EasyOCR - 78 - Details

Up

EasyOCR - 78 - Details

EasyOCR is a multi-font, printed, character reader based on a template matching algorithm. In the learning phase, it is taught a font by giving it samples of all possible characters. Then, it is able to read any kind of short text.

Blob analysis functions are used to segment the image and extract the characters constituting the text to be read. Blobs are elected as characters based on tunable size and shape criteria. Moreover, EasyOCR is able to deal with characters which are split into several blobs. When the exact position of the characters in the image is unknown, EasyOCR functions will process the entire image and locate the characters.

Recognition process

EasyOCR follows a few steps in the recognition process.

First, the image is segmented, i.e. threshold and decomposed into objects or blobs (connected components), in the same way as EasyObject does.

Then the objects are filtered according to the size and possibly grouped together ("repasted") to form distinct characters. This is called character isolation or segmentation. When several characters touch each other, they can also be separated. This is called character cutting. The segmentation step can be bypassed when the exact position of the characters is known beforehand.

The characters are compared to a set of patterns, called a font. A character is recognized by finding the best match between a character and the patterns in the font.

$image\ebx_-368517501.gif$

Raw image

$image\ebx_532884664.gif$

After segmentation

$image\ebx_2118996238.gif$

After character isolation

$image\ebx_-53904565.gif$

After recognition

The recognition process consists of the following elements:

Read a pre-recorded font from a disk file;
Segment the image to locate the characters;
Select the objects considered as characters and sorts them from left to right;
Perform the matching from object to characters

Recognition parameters

The recognition process is governed by a few parameters that need to be fine tuned to obtain the most reliable results.

The following two parameters are used during segmentation:

- TextColor : black text on a white background, or conversely, with or without thresholding;

- Threshold value used to separate the text from the background.
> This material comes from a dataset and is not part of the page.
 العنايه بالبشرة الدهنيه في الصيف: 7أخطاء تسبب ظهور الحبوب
The threshold value should be chosen such that the characters are well separated.

The following geometric parameters are used during character isolation:

- RemoveBorder: most of the time, blobs that are found along the image/ROI edges are spurious and cannot be exploited for character recognition. By default they are discarded for character isolation;

- NoiseArea: if a blob has an area smaller than this value, it is considered as noise and discarded. The NoiseArea should be chosen such that the noise blobs are discarded but small character features are preserved (f.i., the dot over an "i" letter);

- MaxWidth, MaxHeight: if a blob does not fit within a rectangle with these dimensions, it is not considered as a possible character (too large) and is discarded. Furthermore, if several blobs fit in a rectangle with these dimensions, they are grouped together, forming a single character. The outer rectangle size should be chosen such that it can contain the largest character from the font, enlarged by a small safety margin;

- MinWidth, MinHeight: if a blob or a group of blobs does fit in a rectangle with these dimensions, it is not considered as a possible character (too small) and is discarded. The inner rectangle size should be chosen such that it is contained in the smallest character from the font, shrunk by a small safety margin;

- RemoveNarrowOrFlat: by default, small characters are discarded when they both narrow and flat. This behavior can be changed so that they are discarded when either condition is met.
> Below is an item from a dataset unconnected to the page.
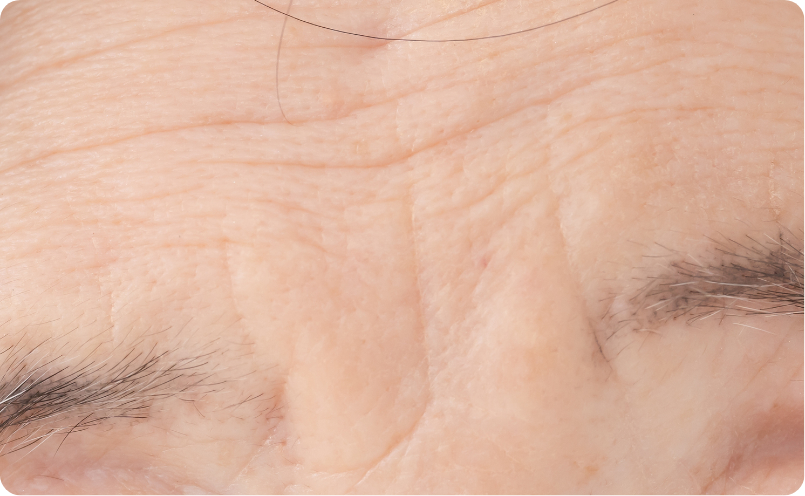 癖じわイメージ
- Spacing: if to blobs are separated by a vertical gap wider than this value, they are considered to belong to different characters. This feature is useful to avoid the grouping of thin characters that would fit in the outer rectangle. Its value should be set to the width of the smallest gap between adjacent letters. If it is set to a large value (larger than MaxWidth), it has no effect.
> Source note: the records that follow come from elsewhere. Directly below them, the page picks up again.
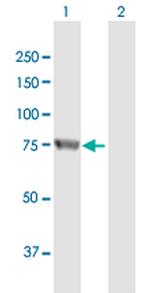 RBM35A Antibody in Western Blot (WB)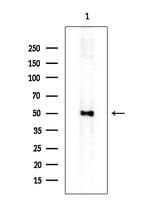 IL20RA Antibody in Western Blot (WB)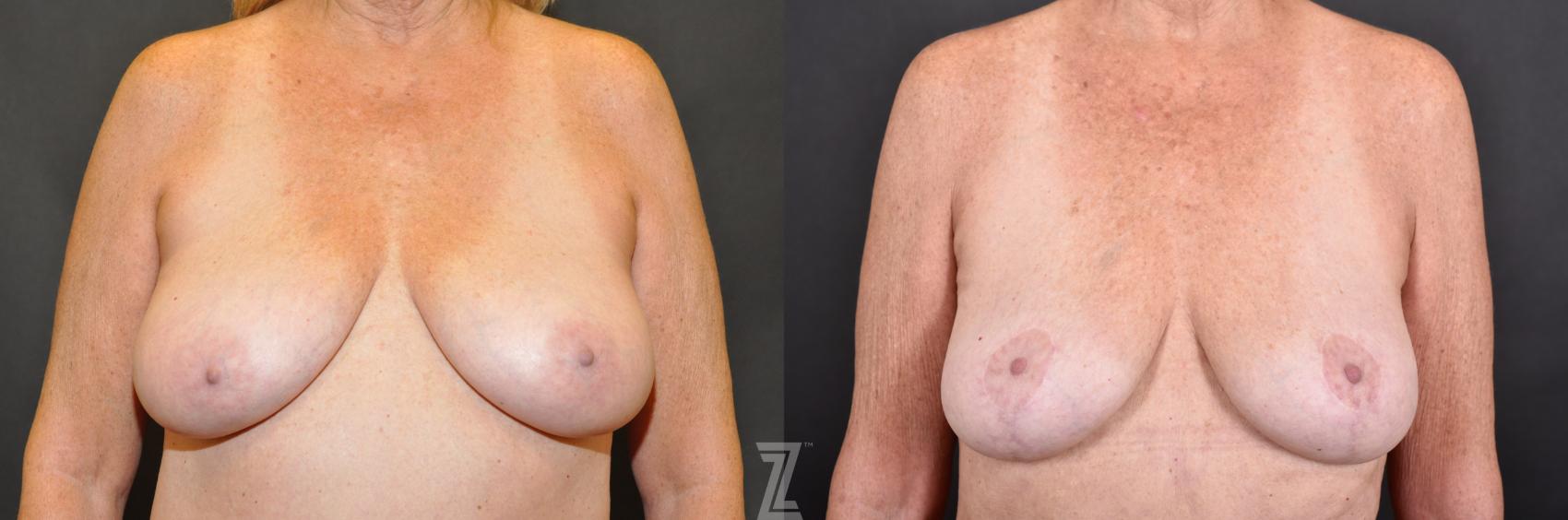 Breast Reduction Before & After Photo | Austin, TX | The Piazza Center for Plastic Surgery & Advanced Skin Care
- CutLargeChars: when a blob or grouping of blobs is larger than the maximum allowed width, it is considered as clutter and discarded. When the CutLargeChars mode is enabled, the blob is split in as many parts as necessary to fit. This is an attempt to separate touching characters;

- RelativeSpacing: when the CutLargeChars mode is enabled, setting this value allows specifying the amount of white space that should be inserted between the split parts of the blobs;

Learning

EasyOCR is a multi-font character recognition library. This means that EasyOCR functions are able to recognize text printed using any character font, once it has been taught. Practically, during the learning process, characters are presented one by one to the system which analyzes them and builds a database called a font.

Only a few data are stored for each new character, they represent distinctive features of the character’s shape. This small database may be saved to disk and restored when needed.

During the learning process, each pattern gets an associated numerical value call its code (usually its ASCII code). A pattern also belongs to a character class.